Thursday, July 10, 2014

Tenants Together Calls for East Palo Alto to Replace City Manager for Interference with Rent Stabilization Program

Tenants Together is calling for the replacement of East Palo Alto's City Manager based on a comprehensive review of documents obtained through a Public Records Act request from the City of East Palo Alto. The request included a demand for all communications to or from City Manager Magda Gonzalez concerning the Rent Stabilization Program. Tenants Together reviewed over 3,000 pages of documents produced pursuant to the request. The City Manager's contract expires in October 2014, and it is the City Council's decision whether to replace her or renew the contract.

The documents reveal that the City Manager has effectively given control over the regulatory process to the biggest landlord in East Palo Alto. Responding to complaints from Equity Residential (EQR), the city's largest landlord, the City Manager interfered with enforcement of the Rent Stabilization Ordinance (RSO). Whether motivated by bias or incompetence, the City Manager allowed her office to be used by EQR as a tool to impose its will and override the efforts of the Rent Stabilization Administrator to enforce the RSO. EQR acknowledged her efforts in an email thanking her for her "continued support."

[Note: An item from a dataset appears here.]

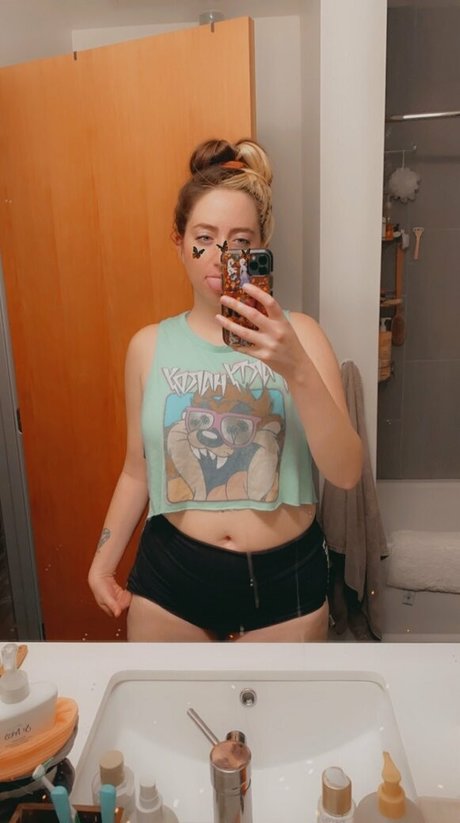 caroliiiiine actrice porno photos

"We are alarmed by the situation in East Palo Alto," commented Dean Preston, Executive Director of Tenants Together. "Most of the rental properties in EPA are consolidated in the hands of one mega-landlord, Equity Residential, a corporation headed by anti-rent control zealot Sam Zell. As if that weren't bad enough, this landlord has undue influence over a City Manager who apparently believes that her job, and that of the Rent Stabilization Program Administrator, is to coddle EPA's biggest landlord rather than protect the city's tenants. The future of rent control in East Palo Alto is at stake."

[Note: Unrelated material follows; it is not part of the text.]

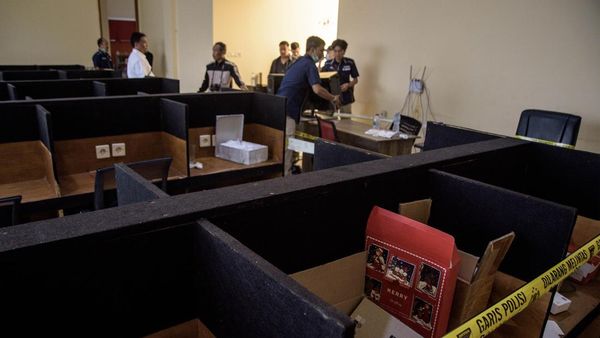 Polisi Gerebek Markas Judi Online di Bandung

According to the Rent Stabilization Ordinance, its purpose "is to protect residential tenants in the city from unreasonable rent increases, to discourage speculation in rental property, to protect tenants from arbitrary, discriminatory or retaliatory evictions and to assure landlords the right to a fair return. " Rather than further the protective purposes of the RSO, the City Manager goes out of her way to accommodate the concerns of the primary entity regulated by the ordinance, Equity Residential. The documents reveal that the City Manager directed the Rent Stabilization Program Administrator to refrain from assisting tenants with referrals to city inspectors to address substandard living conditions.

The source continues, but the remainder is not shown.